GARDENA, LOS ANGELES

Away from the snarl of rush-hour traffic, Emma’s boss takes Harbor Freeway south until the Gardena junction then the western
slip to Artesia Boulevard. She doesn’t say much and neither does he. Mostly they listen to the radio channels he keeps switching
between.

She breaks one of several awkward silences. ‘You like to listen to the news and talk stations?’

‘Sometimes. Good to know what’s happening in the world.’

‘Bad stuff. That’s all you hear on the news.’

He almost argues the point but instead hits search on the radio again. It rolls off the news and parks in the middle of a
talk show.

‘KKLA 99.5. This is a Christian station.’ There’s a laugh in her voice. ‘I come across it sometimes. You’ll find this funny,
but late at night, when I find it, I leave it on. It’s just nice to hear folk talking kindly to each other rather than shoutin’
and swearin’ like shock jocks.’

‘You just like the station or are you Christian as well?’

‘I’m not sure how to answer that.’ She gives him a quizzical look. ‘Suppose I am. Let’s put it this way, I ain’t a Muslim
or Jew, so I guess I must be Christian.’ She points through the windshield. ‘You need to pull a right here, straight after
the warehouse store on the corner.’

He flicks on the indicators and turns the Explorer into South Normandie Avenue.

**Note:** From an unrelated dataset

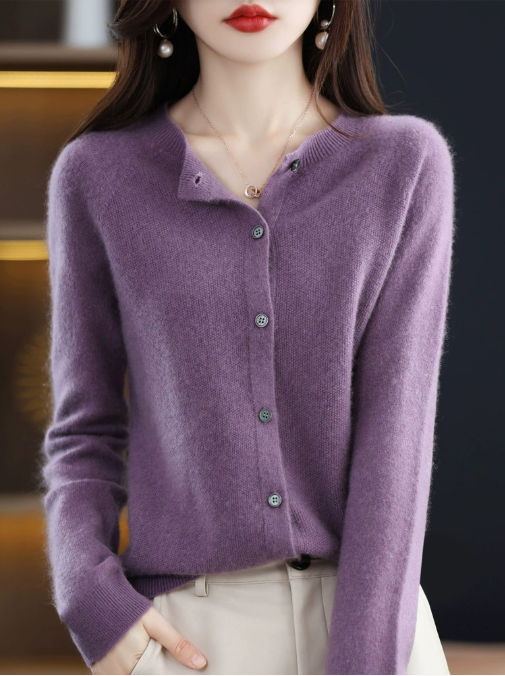 Darcy™ – Sweater Top for Timeless Everyday Elegance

‘You can drop me here, if you like. I’m only a couple of blocks down.’

‘It’s not a problem.’ He smiles at her. ‘Would be unchristian not to take you to your door.’

She smiles back. ‘Thanks, it’s West 169th. You’ll see it coming up on your left.’

There’s a line of working trucks, old motor homes and
campers parked out on the blacktop, early signs of the kind of neighbourhood he’s driving into. She’s obviously dirt poor
and from dirt-poor stock. These days it’s tough to own anything but clapboard unless someone’s given you a headstart up the
ladder.

‘I’m just after the telegraph pole.’

He slows and pulls over outside a wooden throw-up that’s more shack than house. A scrub of weeds and bald lawn lie in shame
behind a tiny fence of rotting, bare wood.

Emma can read his face. ‘Not much but it’s still home. I rent it. No point spending money on what’s not yours, right?’

‘Right. Mine’s the same. Needs paint and money that I haven’t got.’

She unbuckles and grabs her bag from beneath her feet. ‘Thanks for the ride …’ She almost calls him Fish Face ‘… Mr James.
You wanna come in?’

Instinctively he scans the street. Out of sight, somewhere else, he can hear the siren of an LAPD cruiser.

A bad sign.

‘Not tonight, maybe some other time?’

Emma is disappointed. He seems a nice guy. Would be good to have a friend at work, especially one who’s your boss. ‘Then thanks
again. See you tomorrow.’ She leaves him with a smile and swings the door closed.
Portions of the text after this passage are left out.